At a ministerial meeting held on June 27th and 28th, in Brussels, the negotiation of the commercial part of the Association Agreement between MERCOSUR and the European Union (EU) was concluded. Participating for Brazil were the Minister of Foreign Affairs, Ernesto Araújo, the Minister of Agriculture, Livestock and Supply, Tereza Cristina, and the Special Secretary of Foreign Trade and International Affairs of the Ministry of Economy, Marcos Troyjo.
The agreement is a historic milestone in the relationship between MERCOSUR and the European Union, which together represent around 25% of world GDP and a market of 780 million people. At a time of tension and uncertainty in international trade, the conclusion of the agreement highlights the commitment of the two blocs to economic openness and strengthening competitiveness conditions.
The trade agreement with the EU will constitute one of the largest free trade areas in the world. Due to its economic importance and the scope of its disciplines, it is the broadest and most complex agreement ever negotiated by MERCOSUR. It covers both tariff and regulatory topics, such as services, government purchases, trade facilitation, technical barriers, sanitary and phytosanitary measures and intellectual property.
With the agreement in force, agricultural products of great interest to Brazil will have their tariffs eliminated, such as orange juice, fruits and instant coffee. Brazilian exporters will obtain expanded access, through quotas, for meat, sugar and ethanol, among others. Brazilian companies will benefit from the elimination of tariffs on the export of 100% industrial products. In this way, competition conditions will be equalized with other partners that already have free trade agreements with the EU.
The agreement will recognize several products as distinctive of Brazil, such as cachaças, cheeses, wines and coffees.
The agreement will guarantee effective access in various service segments, such as communication, construction, distribution, tourism, transport and professional and financial services. In public procurement, Brazilian companies will gain access to the EU bidding market, estimated at US$ 1.6 trillion. The commitments made will also speed up and reduce the costs of import, export and transit procedures for goods.
The agreement will increase the competitiveness of the Brazilian economy by guaranteeing, for national producers, access to inputs with a high technological content and at lower prices. The reduction of barriers and greater legal security and transparency of rules will facilitate Brazil's insertion into global value chains, generating more investments, jobs and income. Consumers will also benefit from the agreement, with access to a greater variety of products at competitive prices.

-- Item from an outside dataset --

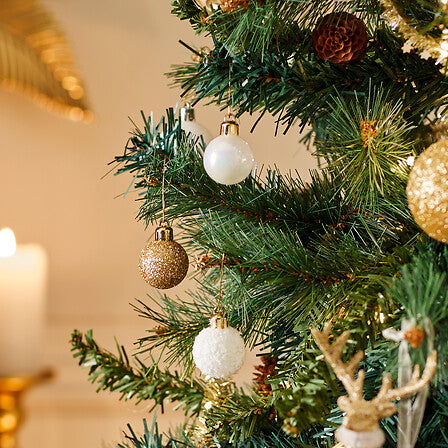 Коледни топки atmosphera Colorama de Noël, Комплект 18 бр., Бяло и Златно, 3 cm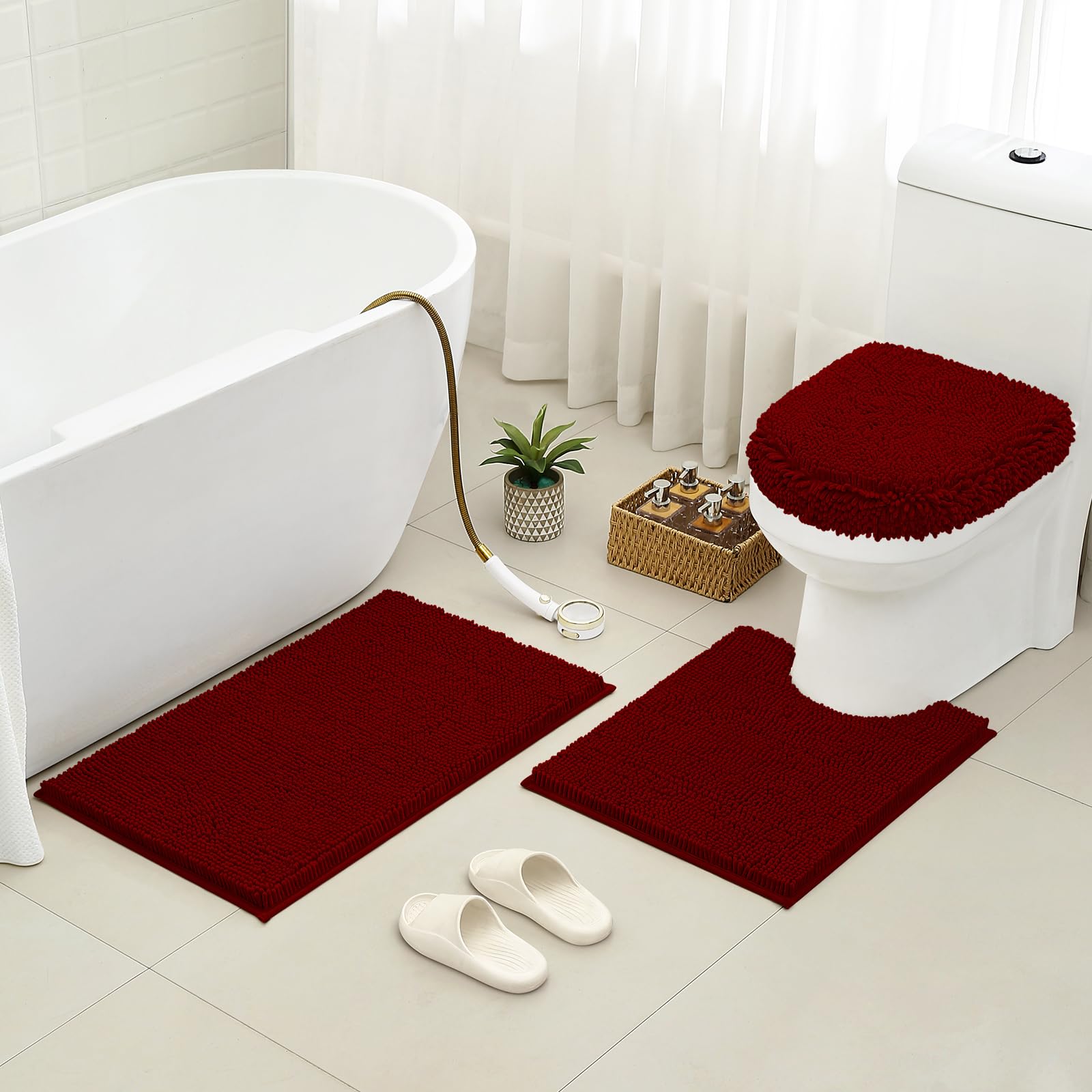 Bazasa Bonita alfombra de baño de 32 x 20 pulgadas, color verde, con letras blancas rotas, divertidas, lavables a máquina, alfombra de ducha antideslizante y absorbente de microfibra para baño, ducha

According to estimates by the Ministry of Economy, the MERCOSUR-EU agreement will represent an increase in Brazilian GDP of US$ 87.5 billion in 15 years, reaching US$ 125 billion if the reduction of non-tariff barriers and the expected increase in total productivity are taken into account. of production factors. The increase in investments in Brazil, in the same period, will be in the order of US$ 113 billion. Regarding bilateral trade, Brazilian exports to the EU will present almost US$ 100 billion gains by 2035.
The EU is MERCOSUR's second trading partner and the first in terms of investment. MERCOSUR is the EU's eighth largest extra-regional trading partner. The bi-regional trade flow was more than US$ 90 billion in 2018. In 2017, the EU's investment stock in the South American bloc amounted to around US$ 433 billion. In 2018, Brazil recorded trade of US$ 76 billion with the EU and a surplus of US$ 7 billion. Brazil exported more than US$ 42 billion, approximately 18% of the country's total exports. Brazil stands out as the largest destination for foreign direct investment (FDI) from EU countries in Latin America, with almost half of the investment stock in the region. Brazil is the fourth largest destination for FDI in the EU, which is distributed in sectors of high strategic value.